|
A vrai dire, on attendait de la déclinaison « Digital Revolution » qu’elle soit aussi radicalement révolutionnaire que l’avait été, au début des années 2000, le lancement du magazine Revolution (Singapour).
Légère déception, sur laquelle s’explique franchement Wei Koh, le co-fondateur et directeur éditorial du groupe de presse Revolution...
1)
•••POURQUOI LE MAGAZINE REVOLUTION (ASIE)
A CHOISI D’ABORDER AUSSI PRUDEMMENT
LA RÉVOLUTION NUMÉRIQUE...
C’était une actualité Business Montres du 4 janvier (info n° 4) : le magazine Revolution (édition Asie-Singapour) lance ce printemps son application numérique multi-tablettes (iPad, iPhone et autres). Ceux qui connaissent ce magazine savent à quel point il pèse son poids (de papier) et il s’impose par son épaisseur – mais aussi par ses contenus référents. On attendait donc un nouveau chef-d’œuvre des médias numériques, mais cette première version demeure plutôt classique. Ce qui mérite quelques explications de la part Wei Koh, un des plus sympathiques dynamiteros de la presse horlogère au début des années 2000 (image ci-dessus : le nouvel arbitre des élégances... numériques !)...
••• Il y a déjà plein d’autres versions numériques de magazines horlogers. On avait plutôt l’habitude de voir Revolution devancer tout le monde, et non de suivre le mouvement...
••• Wei Koh (Revolution Press) : Je crois que c’est Steve Jobs qui l’a démontré : être le premier n’est pas toujours un avantage ! Nous n’avons pas tenté d’inventer le magazine numérique, mais d’éviter les pièges où ont pu tomber les autres en faisant en sorte d’affiner notre approche pour créer un expériece ludique et conviviale.
J’ajoute que nous avons eu, ces dernières années, d’autres priorités, notamment celle d’avoir la couverture mondiale la plus complète pour un magazine horloger (papier), avec des licences-relais dans le monde entier, notamment en Suisse et en Chine, qui sont pour nous des éditions-clés. Ce résultat est maintenant atteint et personne ne peut contester notre succès...
« Plus important encore : nous avons préféré attendre que les tablettes iPad et Android soient suffisamment diffusées dans les pays anglophones pour créer une « masse critique » suffisante avant le lancement de notre édition numérique. C’est à la mode : on parle depuis des années de « numérique », mais pouvez-vous me citer un seul exemple de magazine dont la version numérique a éclipsé la version imprimée ?
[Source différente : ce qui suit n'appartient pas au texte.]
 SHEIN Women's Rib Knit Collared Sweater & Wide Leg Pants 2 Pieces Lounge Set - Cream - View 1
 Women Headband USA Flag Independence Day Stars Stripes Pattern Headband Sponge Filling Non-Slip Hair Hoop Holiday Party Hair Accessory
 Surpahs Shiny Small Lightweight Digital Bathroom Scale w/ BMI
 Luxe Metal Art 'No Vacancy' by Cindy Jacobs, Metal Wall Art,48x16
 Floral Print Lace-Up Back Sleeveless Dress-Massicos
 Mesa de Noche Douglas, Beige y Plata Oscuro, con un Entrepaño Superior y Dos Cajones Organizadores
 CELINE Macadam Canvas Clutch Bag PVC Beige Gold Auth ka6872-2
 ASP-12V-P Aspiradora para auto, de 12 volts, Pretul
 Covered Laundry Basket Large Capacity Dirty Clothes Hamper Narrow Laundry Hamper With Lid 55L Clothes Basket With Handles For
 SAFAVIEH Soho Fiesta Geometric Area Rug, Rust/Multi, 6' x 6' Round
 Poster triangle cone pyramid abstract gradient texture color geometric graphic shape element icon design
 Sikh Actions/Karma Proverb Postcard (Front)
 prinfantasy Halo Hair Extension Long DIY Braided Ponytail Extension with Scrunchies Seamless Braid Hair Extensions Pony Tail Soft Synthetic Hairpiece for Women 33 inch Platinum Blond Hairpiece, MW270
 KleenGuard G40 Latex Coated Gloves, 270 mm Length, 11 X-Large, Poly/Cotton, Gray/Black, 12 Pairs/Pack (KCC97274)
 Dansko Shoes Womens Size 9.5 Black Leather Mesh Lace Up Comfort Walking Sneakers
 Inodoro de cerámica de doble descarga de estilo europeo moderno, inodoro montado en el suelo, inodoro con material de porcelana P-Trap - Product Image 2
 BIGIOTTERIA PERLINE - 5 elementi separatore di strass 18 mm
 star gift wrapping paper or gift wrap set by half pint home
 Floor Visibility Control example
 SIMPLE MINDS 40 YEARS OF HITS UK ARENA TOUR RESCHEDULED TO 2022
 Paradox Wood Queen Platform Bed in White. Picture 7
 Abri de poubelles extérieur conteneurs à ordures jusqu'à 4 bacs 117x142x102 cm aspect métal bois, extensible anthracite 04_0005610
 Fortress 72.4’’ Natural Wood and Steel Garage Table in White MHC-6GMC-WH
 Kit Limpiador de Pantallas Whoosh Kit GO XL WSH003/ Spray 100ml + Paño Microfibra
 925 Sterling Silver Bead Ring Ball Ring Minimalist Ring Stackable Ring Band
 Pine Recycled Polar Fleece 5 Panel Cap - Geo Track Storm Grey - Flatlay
Après avoir étudié le marché et les offres disponibles, je suis certain que nous proposons une déclinaison digitale nettement supérieure à celle des autres magazines horlogers : la version en ligne d’un de nos concurrents anglophones prend en moyenne 30 minutes pour être téléchargée (150 Mo) ! En utilisant les technologies déployées par Zinio, vous pouvez télécharger Digital Revolution en une minute. Leur version est payante (7,99 dollars), la nôtre est gratuite, alors que nous offrons le double de ce qu’ils proposent et que nos contenus sont plus originaux. Pour rassurer tout le monde, je précise que le numéro de mars sera nettement plus interactif que ce premier numéro...
••• Mais qu’est-ce qui est vraiment nouveau dans votre application et quelle est sa vraie valeur ajoutée numérique ?
••• Wei Koh (Revolution Press) : Cette année, au SIHH, vous pourrez rencontrer nos équipes vidéo, qui seront là pour interroger les différents patrons de marque sur leurs nouveautés 2012, avec beaucoup de créations dans la façon de présenter les montres (gros plans, ralentis). On va aussi innover pour montrer et faire entendre les répétitions minute et familiariser le public avec ces montres. Après chaque article de la version numérique, nos lecteurs pourrons facilement accéder aux vidéos correspondantes. L’idée est d’utiliser au maximum les facilités données par le numérique, en plaçant nos lecteurs face aux gens qui font les montres, avec tous les détails techniques nécessaires. Notre objectif reste le même : élever le niveau général d’éducation et de culture horlogères en ayant recours à tous les outils interactifs disponibles...
••• Pourquoi étiez-vous si pressés de lancer cette application, maintenant, avant d’avoir mis au point tous ces outils ?
••• Wei Koh (Revolution Press) : Chez Revolution, nous marchons à la passion. Les tablettes numériques tiennent aujourd’hui une telle place dans nos vies que nous avons voulu proposer une première expérience de magazine horloger digital digne de ce nom, en recrutant une équipe de vidéastes, de journalistes et d’artistes numériques dédiés à ce projet...
••• N’est-ce pas vous tirer une balle dans le pied que d’offrir gratuitement tous vos contenus, ce qui va mécaniquement réduire votre lectorat papier ?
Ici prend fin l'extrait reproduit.